I have held equities for more than four years. Most of my portfolio, actually. Daytrading and churning positions are for people with more time to devote to the market than I care to. But maybe I am fictional, as my grandmother gave me one of her BRKb shares in 2002 (which I still own).
The period that you measure someone's market performance is independent of how long they actually hold a single equity. Do you measure a day trader's performance over a single day?
Either way - it's a moot point - (Just like the investment funds you excluded) BRK doesn't need to turn over an equity to increase their value, whatever the time period. They could never sell anything and still give increased returns to their investors.

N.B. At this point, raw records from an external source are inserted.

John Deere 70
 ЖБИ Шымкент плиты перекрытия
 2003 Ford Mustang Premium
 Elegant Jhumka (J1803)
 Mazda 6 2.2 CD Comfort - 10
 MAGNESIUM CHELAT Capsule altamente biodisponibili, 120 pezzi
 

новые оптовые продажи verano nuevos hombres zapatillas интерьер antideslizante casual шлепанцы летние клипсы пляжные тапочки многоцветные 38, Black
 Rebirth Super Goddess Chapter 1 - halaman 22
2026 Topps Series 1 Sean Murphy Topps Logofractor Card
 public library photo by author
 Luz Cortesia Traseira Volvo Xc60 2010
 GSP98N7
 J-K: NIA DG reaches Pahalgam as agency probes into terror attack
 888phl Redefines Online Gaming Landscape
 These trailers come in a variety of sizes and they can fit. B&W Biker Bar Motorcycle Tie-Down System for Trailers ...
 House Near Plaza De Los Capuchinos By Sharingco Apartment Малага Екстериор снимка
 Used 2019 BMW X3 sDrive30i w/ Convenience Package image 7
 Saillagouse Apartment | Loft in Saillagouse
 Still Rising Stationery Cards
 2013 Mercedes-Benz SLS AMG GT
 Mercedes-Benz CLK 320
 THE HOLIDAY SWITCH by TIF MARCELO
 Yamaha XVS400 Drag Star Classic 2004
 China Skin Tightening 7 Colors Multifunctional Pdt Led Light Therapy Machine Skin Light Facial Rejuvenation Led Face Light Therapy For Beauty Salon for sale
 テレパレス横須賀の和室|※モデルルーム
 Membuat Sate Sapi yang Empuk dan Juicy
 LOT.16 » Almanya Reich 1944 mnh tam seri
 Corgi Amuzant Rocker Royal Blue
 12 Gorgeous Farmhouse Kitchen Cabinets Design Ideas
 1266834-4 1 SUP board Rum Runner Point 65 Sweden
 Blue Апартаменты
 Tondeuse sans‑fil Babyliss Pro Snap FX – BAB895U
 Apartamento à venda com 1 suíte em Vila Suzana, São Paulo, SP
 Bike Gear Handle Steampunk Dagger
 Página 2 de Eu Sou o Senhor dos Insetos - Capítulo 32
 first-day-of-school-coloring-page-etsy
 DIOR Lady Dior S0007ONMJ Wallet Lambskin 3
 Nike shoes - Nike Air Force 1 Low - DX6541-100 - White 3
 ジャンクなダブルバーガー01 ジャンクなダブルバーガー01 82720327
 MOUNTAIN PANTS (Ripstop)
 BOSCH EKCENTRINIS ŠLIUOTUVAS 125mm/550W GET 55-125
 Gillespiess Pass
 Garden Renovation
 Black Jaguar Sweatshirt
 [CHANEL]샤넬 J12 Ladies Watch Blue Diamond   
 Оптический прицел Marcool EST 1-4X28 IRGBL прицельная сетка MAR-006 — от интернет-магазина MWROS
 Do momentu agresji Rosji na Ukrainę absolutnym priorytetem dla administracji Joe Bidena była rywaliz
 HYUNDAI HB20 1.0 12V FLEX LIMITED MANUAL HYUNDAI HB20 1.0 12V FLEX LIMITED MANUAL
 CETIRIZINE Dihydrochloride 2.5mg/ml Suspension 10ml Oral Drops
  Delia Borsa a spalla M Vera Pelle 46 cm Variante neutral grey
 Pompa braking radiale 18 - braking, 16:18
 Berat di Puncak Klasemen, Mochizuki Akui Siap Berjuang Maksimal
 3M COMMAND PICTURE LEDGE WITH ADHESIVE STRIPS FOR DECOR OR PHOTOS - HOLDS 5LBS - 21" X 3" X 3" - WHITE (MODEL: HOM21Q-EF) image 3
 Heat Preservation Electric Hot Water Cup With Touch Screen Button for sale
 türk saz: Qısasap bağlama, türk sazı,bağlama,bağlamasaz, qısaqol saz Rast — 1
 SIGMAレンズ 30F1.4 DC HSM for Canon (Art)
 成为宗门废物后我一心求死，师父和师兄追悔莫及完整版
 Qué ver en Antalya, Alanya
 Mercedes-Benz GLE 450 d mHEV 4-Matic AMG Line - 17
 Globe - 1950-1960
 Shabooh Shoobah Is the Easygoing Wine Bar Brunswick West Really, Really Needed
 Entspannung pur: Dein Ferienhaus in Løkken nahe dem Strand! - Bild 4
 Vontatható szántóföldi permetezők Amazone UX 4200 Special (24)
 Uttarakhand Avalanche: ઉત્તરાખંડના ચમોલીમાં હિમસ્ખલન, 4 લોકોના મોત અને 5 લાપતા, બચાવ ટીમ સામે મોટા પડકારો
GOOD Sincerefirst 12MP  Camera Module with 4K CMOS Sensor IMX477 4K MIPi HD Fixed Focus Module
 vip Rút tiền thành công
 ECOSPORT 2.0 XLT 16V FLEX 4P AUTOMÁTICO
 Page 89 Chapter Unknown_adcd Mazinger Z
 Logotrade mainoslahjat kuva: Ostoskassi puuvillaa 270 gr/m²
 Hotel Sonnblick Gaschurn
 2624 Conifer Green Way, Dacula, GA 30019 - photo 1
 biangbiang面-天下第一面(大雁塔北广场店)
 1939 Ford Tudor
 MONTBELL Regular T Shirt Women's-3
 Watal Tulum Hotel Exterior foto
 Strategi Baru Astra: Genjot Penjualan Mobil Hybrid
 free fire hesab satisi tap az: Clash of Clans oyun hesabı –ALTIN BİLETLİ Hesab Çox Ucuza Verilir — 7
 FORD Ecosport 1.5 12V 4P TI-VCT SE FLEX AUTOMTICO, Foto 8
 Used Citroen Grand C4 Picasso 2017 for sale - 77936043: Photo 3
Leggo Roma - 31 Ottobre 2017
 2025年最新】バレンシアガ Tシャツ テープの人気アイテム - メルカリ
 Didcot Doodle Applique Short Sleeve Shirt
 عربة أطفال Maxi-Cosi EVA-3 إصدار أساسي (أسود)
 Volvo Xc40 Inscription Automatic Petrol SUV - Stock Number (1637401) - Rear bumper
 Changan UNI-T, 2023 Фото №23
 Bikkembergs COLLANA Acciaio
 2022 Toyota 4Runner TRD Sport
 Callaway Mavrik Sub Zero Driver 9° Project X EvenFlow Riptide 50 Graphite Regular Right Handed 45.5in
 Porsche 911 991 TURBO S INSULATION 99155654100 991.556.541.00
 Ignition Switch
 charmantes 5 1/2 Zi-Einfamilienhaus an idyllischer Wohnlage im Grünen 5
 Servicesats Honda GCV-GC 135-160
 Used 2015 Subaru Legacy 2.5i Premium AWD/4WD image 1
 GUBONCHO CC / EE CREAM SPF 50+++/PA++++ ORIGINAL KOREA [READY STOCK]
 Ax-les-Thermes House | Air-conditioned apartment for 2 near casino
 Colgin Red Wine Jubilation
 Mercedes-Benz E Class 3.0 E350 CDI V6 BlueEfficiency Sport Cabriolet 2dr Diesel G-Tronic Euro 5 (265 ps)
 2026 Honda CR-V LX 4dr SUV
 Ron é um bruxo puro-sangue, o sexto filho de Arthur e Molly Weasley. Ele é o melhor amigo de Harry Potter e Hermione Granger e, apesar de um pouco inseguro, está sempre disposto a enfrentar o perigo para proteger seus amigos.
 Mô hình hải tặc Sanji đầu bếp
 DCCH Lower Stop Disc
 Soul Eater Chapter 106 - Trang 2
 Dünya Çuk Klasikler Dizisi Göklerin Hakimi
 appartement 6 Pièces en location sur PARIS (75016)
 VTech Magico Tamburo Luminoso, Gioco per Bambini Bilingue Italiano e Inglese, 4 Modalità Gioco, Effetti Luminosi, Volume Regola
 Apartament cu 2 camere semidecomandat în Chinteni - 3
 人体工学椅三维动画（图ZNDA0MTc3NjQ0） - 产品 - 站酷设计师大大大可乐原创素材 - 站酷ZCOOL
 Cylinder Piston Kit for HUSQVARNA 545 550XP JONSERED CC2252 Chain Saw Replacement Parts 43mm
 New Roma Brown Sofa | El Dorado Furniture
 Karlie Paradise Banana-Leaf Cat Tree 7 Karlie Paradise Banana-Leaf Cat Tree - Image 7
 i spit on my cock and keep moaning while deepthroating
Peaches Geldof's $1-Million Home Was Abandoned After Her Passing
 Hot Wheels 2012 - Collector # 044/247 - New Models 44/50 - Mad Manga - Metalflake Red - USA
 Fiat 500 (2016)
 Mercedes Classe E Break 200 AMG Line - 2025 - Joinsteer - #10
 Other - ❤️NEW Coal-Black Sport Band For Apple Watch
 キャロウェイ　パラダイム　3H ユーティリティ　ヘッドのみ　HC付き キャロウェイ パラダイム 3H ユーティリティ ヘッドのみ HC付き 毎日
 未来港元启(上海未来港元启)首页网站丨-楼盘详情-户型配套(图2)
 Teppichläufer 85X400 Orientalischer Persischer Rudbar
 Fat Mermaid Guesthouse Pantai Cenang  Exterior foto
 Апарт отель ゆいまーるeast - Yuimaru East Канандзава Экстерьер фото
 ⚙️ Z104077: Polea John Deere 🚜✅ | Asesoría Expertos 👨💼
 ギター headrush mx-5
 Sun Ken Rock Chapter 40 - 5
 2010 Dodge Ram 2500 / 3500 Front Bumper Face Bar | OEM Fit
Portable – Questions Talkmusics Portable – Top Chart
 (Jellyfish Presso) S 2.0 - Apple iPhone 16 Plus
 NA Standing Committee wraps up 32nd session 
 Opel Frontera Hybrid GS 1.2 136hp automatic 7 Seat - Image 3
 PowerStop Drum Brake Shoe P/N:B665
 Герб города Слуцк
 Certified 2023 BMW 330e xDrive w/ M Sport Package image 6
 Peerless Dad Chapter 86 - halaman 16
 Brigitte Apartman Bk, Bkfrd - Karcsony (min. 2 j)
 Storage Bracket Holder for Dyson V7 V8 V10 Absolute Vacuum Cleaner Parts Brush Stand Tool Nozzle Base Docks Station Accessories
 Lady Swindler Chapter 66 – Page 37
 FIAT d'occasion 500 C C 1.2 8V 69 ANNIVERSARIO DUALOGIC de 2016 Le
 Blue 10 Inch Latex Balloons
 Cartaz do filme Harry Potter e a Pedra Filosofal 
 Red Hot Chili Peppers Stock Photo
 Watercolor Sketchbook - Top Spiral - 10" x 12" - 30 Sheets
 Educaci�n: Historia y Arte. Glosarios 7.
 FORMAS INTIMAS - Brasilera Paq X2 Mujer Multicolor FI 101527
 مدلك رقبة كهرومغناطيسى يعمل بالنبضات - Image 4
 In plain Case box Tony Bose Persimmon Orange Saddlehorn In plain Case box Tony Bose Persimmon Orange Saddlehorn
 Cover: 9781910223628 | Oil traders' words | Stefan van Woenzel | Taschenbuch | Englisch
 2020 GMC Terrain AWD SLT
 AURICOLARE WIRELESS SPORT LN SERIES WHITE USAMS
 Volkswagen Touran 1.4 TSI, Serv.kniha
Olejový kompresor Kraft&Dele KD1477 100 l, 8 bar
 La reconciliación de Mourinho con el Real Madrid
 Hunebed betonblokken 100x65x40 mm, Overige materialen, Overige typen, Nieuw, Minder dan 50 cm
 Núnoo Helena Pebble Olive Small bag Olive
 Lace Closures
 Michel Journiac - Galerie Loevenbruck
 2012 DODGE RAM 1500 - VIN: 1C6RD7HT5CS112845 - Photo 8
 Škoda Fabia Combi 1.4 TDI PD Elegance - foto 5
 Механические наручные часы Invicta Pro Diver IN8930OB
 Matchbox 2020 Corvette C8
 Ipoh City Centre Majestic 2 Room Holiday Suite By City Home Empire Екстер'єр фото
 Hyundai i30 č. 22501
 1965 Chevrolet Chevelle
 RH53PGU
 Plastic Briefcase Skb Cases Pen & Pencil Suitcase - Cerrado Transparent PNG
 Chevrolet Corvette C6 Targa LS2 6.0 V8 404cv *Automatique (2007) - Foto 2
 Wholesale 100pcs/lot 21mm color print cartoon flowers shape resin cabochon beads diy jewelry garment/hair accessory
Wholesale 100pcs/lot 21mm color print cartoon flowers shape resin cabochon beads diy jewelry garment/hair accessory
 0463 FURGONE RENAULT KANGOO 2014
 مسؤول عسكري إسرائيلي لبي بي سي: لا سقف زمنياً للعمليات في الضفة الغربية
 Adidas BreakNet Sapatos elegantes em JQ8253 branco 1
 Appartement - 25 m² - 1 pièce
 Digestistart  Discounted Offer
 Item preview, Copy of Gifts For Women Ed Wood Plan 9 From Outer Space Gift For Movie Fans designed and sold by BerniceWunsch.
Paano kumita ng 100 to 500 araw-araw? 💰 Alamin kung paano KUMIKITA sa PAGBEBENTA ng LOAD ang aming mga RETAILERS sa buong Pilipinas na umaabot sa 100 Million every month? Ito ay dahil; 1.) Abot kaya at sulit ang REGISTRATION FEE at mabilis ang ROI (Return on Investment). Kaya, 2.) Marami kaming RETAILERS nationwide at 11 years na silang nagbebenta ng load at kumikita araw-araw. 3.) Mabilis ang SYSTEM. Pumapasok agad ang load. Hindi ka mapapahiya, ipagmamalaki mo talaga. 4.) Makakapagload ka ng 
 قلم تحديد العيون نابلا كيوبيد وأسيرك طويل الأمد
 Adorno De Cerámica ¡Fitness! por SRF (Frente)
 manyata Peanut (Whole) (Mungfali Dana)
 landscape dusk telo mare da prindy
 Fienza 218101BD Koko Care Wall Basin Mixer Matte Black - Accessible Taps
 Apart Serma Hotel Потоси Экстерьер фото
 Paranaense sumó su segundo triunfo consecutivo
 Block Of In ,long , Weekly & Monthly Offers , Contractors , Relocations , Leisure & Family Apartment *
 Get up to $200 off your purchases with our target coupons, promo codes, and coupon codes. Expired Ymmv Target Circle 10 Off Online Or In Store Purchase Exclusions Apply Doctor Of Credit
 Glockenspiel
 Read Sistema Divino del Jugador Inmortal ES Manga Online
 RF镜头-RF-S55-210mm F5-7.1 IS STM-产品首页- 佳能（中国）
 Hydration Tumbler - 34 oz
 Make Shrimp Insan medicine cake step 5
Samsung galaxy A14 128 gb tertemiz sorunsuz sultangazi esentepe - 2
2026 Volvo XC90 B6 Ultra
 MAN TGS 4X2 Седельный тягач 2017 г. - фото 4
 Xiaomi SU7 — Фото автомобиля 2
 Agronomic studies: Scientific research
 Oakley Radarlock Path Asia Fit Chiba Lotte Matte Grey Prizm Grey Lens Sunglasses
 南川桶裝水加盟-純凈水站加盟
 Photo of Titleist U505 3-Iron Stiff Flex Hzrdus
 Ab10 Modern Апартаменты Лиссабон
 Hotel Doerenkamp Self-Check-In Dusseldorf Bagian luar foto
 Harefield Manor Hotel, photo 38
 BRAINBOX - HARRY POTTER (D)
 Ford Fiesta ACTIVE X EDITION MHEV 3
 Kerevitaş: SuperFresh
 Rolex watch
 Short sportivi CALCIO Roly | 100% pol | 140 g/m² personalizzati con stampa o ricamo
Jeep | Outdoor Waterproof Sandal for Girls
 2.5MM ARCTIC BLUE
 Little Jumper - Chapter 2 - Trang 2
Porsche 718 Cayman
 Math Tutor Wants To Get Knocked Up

i can't remember a single year in which he was the best performing manager
That would be precisely the wrong metric to look at to see how a good long-term investor is: the absolute best performer in a given year is very likely to be the guy who threw darts at just the right stocks on the wall.
bullshit bullshit. average "long term" investor is in and out of single stocks in two years or less. you're at the far end of the bell curve for people who hold for four years. the myth of the "long term" investor is just that. the reality is most people hold equities for less than a year.
and "long term" is not a definitively superior investment strategy. look at the dow chart for the 20th century, you can see at least two ten-year stretches of zero gains. guess what, we're in another one now. buy-and-hold only makes sense in secular bull markets, like 1982-2000.
I meant "long term" in the sense of investors who consistently make a profit in the long term, not those who happen to hold particular equities for a long period of time.
I'm sorry, but this is just lunacy. Warren Buffett will go down as the greatest investor of all-time. Unlike many of the hedge fund managers out there who like to talk a big game based on 1, 2, or 3 year returns, Buffett has been beating the market for over 50 years. While you are right that he is the first to admit when he makes a mistake, his record is obvious, mistakes and all: http://www.usnews.com/usnews/biztech/personalfinance/persona...
For the rest of us, please take his advice and invest in an index fund. And don't try to time the market. As long as you are investing for at least 10 years, trying to pick the bottom is a loser's game.